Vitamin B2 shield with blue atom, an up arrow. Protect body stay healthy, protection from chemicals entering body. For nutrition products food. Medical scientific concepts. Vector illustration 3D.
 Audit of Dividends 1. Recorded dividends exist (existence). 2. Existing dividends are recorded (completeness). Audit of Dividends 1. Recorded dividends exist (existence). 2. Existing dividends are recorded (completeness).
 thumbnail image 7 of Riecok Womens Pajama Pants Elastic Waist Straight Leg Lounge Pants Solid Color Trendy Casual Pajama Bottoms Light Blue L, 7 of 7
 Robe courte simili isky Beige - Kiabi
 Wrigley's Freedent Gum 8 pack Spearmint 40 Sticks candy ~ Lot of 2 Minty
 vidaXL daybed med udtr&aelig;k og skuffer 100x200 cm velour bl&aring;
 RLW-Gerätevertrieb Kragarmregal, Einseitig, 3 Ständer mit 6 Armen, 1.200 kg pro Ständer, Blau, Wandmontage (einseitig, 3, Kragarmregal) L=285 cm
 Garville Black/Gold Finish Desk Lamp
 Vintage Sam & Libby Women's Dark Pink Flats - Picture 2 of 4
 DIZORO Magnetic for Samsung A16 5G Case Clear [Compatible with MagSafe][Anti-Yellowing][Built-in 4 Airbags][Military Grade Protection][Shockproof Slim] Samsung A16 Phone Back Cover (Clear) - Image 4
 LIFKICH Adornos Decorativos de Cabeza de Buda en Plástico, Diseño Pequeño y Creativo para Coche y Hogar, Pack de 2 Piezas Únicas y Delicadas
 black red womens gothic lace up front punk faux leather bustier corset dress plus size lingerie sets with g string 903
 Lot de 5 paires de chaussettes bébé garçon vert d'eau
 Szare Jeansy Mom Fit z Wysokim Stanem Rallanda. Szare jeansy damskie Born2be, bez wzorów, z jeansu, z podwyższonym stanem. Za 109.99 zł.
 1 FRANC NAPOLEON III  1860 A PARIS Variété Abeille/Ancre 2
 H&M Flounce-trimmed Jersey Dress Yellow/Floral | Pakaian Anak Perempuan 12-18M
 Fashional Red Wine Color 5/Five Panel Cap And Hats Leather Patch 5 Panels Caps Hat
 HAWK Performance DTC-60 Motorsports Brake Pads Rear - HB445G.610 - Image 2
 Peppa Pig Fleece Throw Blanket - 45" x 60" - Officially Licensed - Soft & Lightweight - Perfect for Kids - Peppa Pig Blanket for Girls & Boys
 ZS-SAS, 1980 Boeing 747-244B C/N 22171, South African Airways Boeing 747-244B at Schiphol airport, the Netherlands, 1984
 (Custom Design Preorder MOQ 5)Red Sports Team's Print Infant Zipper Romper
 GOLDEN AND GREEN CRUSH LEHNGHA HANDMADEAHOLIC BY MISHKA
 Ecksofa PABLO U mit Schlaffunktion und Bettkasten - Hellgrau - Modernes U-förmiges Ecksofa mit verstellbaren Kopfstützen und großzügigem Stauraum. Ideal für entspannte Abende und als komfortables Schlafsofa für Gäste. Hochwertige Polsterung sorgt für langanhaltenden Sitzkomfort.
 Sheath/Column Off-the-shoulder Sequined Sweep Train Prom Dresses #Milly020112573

WHAT THE TASK ASKS: Within the entries above, find each line where "Color" appears; copy every one.

ANSWER TO THIS TASK:
 thumbnail image 7 of Riecok Womens Pajama Pants Elastic Waist Straight Leg Lounge Pants Solid Color Trendy Casual Pajama Bottoms Light Blue L, 7 of 7
 Fashional Red Wine Color 5/Five Panel Cap And Hats Leather Patch 5 Panels Caps Hat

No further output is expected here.